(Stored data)
# # # # #

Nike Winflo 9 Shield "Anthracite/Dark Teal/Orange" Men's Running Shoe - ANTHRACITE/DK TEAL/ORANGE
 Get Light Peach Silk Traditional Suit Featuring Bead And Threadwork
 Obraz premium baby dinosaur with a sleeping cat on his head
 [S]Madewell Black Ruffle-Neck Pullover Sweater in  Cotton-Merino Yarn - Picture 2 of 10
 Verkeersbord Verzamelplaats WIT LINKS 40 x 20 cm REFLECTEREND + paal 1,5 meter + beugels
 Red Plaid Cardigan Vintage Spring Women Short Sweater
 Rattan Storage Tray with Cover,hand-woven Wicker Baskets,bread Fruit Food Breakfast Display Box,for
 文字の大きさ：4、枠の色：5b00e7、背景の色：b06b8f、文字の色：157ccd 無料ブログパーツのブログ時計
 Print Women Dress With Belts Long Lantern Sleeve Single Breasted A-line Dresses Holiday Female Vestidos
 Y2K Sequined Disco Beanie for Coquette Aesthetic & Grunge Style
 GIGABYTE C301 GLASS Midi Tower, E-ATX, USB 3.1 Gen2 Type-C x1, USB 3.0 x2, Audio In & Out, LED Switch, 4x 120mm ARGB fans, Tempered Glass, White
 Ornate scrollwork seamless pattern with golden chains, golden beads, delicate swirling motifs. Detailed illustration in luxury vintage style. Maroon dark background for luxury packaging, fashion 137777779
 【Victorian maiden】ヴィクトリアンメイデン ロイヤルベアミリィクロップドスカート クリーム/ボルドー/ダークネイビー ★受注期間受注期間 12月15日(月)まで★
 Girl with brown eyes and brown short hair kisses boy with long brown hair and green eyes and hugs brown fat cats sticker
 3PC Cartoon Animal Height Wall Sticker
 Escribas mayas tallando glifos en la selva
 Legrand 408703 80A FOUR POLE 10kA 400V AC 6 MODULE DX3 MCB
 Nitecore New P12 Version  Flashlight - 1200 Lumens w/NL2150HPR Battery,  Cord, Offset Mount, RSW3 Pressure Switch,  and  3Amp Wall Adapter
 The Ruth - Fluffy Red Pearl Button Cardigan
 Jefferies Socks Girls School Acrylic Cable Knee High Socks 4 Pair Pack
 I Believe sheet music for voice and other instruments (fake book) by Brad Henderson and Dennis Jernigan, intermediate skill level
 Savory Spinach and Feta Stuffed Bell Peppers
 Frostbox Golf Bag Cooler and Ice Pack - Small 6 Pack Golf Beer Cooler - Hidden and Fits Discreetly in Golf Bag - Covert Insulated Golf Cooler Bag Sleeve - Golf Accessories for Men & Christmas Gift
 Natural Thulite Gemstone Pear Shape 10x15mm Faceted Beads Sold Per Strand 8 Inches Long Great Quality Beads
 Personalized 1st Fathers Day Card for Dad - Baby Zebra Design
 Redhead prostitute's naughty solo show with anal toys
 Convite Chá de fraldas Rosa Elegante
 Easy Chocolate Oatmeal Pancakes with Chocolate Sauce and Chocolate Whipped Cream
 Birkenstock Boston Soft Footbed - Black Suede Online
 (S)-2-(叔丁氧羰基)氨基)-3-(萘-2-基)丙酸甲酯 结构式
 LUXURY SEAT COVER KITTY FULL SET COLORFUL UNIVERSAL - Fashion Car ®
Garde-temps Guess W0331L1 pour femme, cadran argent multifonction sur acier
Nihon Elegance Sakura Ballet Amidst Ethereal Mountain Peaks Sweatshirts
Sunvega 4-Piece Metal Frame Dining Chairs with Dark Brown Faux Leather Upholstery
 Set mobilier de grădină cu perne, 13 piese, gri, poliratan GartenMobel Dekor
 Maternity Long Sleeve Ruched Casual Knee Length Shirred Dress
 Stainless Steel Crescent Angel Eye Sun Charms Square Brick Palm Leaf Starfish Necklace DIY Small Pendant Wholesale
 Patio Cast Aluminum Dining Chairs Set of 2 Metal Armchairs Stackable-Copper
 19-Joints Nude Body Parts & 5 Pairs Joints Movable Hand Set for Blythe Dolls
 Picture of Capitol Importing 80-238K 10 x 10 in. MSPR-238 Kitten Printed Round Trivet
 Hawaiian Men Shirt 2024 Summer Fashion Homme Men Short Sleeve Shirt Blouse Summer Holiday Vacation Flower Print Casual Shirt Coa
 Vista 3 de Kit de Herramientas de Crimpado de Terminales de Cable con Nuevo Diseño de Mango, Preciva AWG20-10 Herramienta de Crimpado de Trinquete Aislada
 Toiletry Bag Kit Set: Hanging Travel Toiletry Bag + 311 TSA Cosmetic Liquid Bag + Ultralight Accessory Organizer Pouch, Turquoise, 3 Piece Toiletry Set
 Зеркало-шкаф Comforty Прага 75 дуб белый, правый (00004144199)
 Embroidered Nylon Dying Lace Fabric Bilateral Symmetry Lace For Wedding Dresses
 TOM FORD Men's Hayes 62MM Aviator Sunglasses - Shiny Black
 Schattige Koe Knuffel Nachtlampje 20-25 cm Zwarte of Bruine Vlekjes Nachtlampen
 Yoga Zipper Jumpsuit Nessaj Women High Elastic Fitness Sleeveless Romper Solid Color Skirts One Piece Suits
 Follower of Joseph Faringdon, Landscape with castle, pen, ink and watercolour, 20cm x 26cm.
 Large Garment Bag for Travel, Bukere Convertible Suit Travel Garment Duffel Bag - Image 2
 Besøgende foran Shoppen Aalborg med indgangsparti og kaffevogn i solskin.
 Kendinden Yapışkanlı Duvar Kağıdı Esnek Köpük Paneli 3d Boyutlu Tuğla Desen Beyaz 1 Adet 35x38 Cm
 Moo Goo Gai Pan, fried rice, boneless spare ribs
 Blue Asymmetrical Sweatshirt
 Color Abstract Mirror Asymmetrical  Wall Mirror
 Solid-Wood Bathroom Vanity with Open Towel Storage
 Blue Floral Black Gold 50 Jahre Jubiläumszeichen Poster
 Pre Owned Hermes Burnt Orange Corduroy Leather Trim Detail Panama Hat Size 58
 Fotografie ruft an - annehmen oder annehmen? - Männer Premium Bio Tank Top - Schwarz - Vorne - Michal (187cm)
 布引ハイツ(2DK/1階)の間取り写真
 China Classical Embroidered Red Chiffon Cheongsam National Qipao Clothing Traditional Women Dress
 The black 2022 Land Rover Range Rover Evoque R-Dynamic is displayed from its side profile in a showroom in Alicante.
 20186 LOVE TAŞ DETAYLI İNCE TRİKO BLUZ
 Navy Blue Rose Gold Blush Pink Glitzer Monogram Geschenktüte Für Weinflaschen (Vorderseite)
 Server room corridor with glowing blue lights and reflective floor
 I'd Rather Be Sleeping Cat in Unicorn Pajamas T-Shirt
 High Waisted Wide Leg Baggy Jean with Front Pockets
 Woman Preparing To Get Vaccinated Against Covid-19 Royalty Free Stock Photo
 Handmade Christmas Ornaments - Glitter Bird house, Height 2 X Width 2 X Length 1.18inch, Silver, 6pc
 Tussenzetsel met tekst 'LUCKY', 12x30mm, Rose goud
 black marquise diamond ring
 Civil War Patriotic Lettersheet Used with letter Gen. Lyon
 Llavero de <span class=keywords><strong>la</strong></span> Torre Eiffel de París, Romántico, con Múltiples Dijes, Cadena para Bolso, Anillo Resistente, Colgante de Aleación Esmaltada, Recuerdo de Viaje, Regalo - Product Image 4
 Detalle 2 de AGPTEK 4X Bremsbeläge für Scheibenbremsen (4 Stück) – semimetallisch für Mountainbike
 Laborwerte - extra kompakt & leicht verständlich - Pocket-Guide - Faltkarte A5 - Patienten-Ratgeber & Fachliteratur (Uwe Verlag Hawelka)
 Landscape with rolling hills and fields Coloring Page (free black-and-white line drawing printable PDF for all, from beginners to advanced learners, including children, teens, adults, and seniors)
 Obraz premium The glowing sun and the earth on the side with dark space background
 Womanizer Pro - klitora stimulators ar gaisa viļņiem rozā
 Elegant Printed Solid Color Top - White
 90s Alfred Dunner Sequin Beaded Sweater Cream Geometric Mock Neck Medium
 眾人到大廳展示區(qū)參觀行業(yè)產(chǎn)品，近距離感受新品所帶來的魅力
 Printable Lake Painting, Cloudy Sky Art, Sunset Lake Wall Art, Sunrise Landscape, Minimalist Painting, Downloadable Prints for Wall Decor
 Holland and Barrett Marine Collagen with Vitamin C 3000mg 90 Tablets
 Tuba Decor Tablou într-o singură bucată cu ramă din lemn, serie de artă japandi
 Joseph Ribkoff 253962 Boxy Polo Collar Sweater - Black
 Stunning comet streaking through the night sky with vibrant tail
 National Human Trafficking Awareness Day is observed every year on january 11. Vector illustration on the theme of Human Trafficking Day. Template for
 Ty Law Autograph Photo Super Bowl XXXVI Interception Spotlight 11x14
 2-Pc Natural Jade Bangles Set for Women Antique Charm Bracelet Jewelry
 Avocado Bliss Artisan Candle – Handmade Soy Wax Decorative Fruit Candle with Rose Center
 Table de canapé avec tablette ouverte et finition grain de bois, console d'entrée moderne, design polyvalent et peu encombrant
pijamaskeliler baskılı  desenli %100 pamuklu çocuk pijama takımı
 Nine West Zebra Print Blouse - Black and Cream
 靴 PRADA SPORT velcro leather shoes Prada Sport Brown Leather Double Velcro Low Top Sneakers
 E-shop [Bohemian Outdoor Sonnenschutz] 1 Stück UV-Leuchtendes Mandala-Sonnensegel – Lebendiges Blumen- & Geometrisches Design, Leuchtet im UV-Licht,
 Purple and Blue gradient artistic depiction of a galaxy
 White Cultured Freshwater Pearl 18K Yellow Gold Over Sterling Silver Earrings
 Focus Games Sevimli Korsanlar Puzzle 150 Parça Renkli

# # # # #

▶ [About this exercise]
Would you output, from the records above, exactly the run of lines that starts at the line containing "Set mobilier de" and ends at the line containing "19-Joints Nude Body", and only that run?

▶ [Task response]
 Set mobilier de grădină cu perne, 13 piese, gri, poliratan GartenMobel Dekor
 Maternity Long Sleeve Ruched Casual Knee Length Shirred Dress
 Stainless Steel Crescent Angel Eye Sun Charms Square Brick Palm Leaf Starfish Necklace DIY Small Pendant Wholesale
 Patio Cast Aluminum Dining Chairs Set of 2 Metal Armchairs Stackable-Copper
 19-Joints Nude Body Parts & 5 Pairs Joints Movable Hand Set for Blythe Dolls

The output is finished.